◆ **Provided material**
Content starts

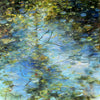 Jamie Evrard artwork 'Evening Pond' available at Bau-Xi Gallery Vancouver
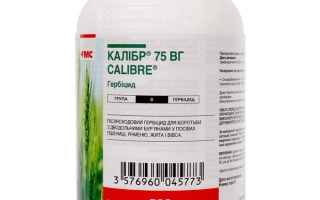 Калібр 75, в.г., (Трибенурон-метил, 250 г/кг+тифенсульфурон-мети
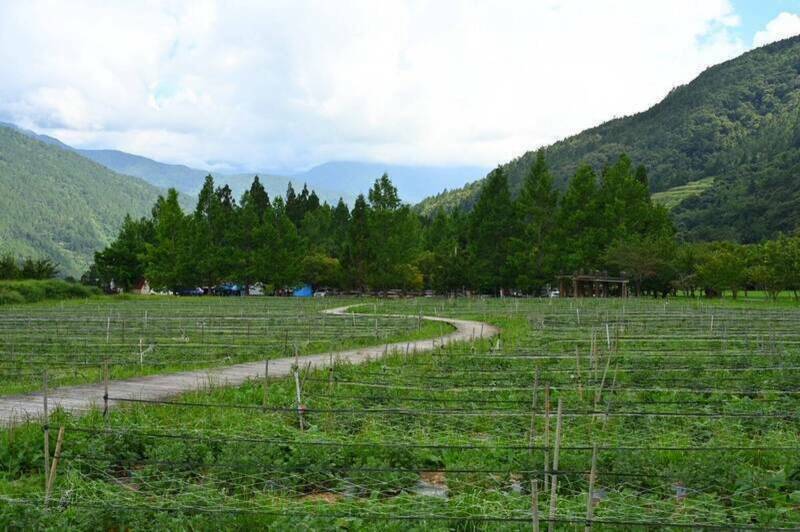 武陵農場與福壽山農場因薔琵颱風實施預警性休園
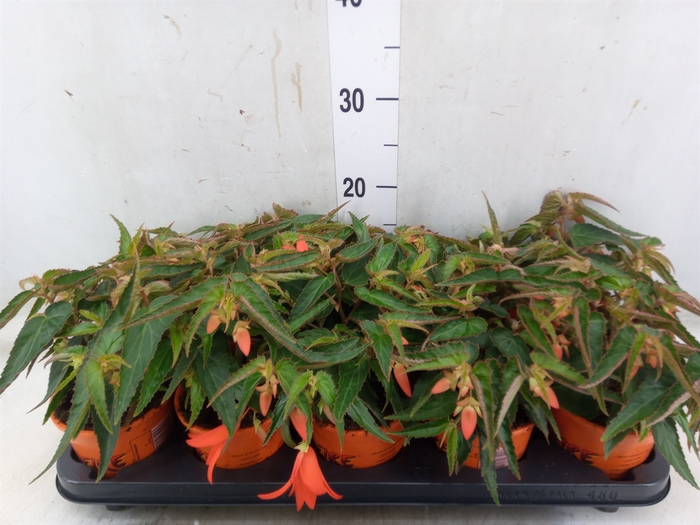 <h4>Begonia tuber. 'Bonfire'</h4>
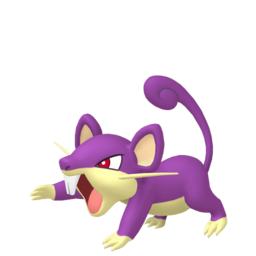 Rattata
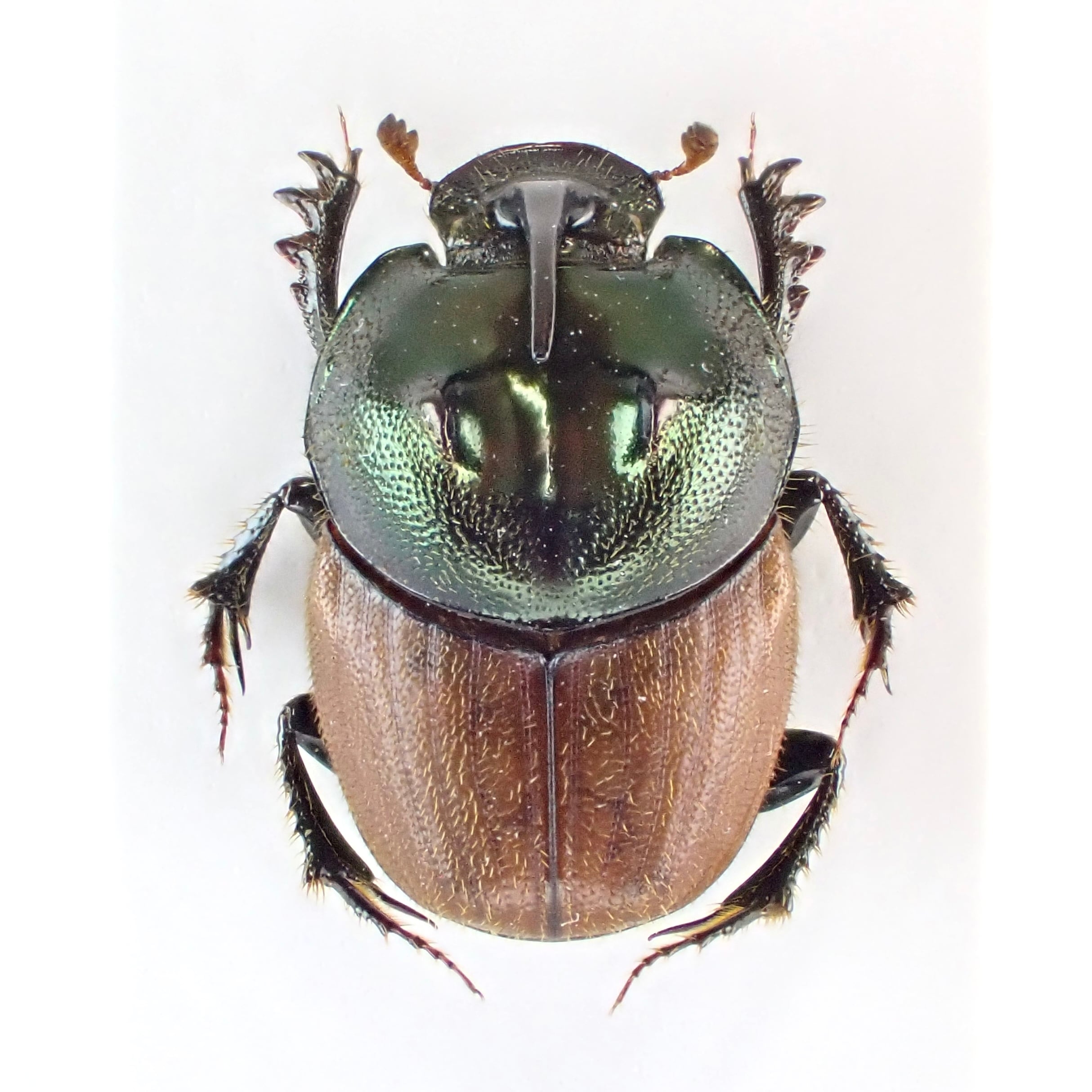 タンザニア産 Proagoderus sp. ♂♀ 9mm/9mm | 昆虫標本 Diggers & Rollers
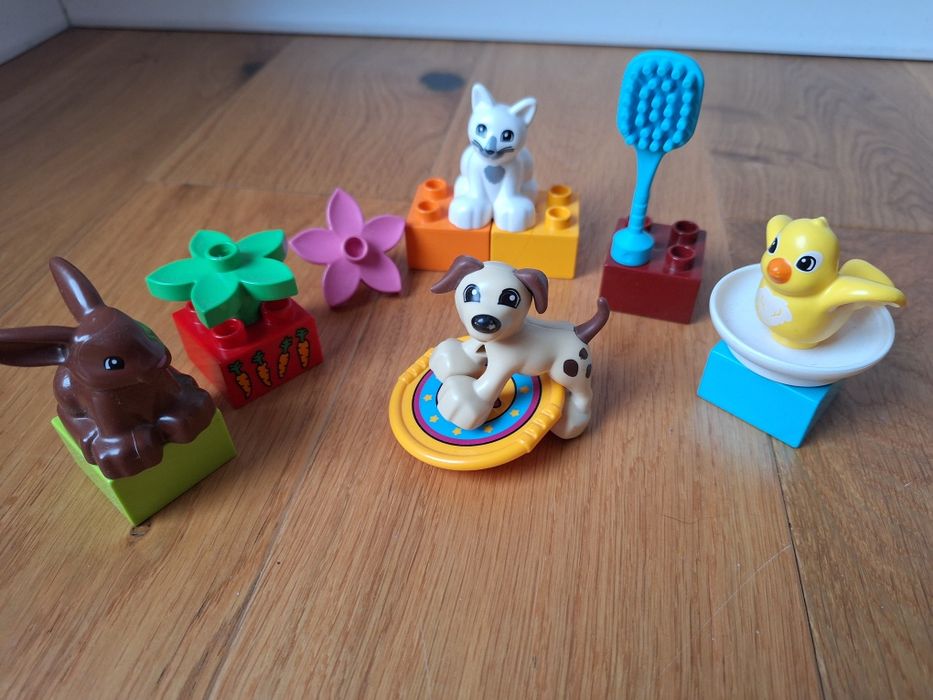 LEGO Duplo Zwierzątka domowe 10838 Zwierzęta domowe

Content ends

◆ **Your assignment**
Transcribe the lines that run from the line bearing "タンザニア産 Proagoderus sp." through the last line of the data. Keep the wording exact and leave out every picture.

◆ **Exercise solution**
 タンザニア産 Proagoderus sp. ♂♀ 9mm/9mm | 昆虫標本 Diggers & Rollers
 LEGO Duplo Zwierzątka domowe 10838 Zwierzęta domowe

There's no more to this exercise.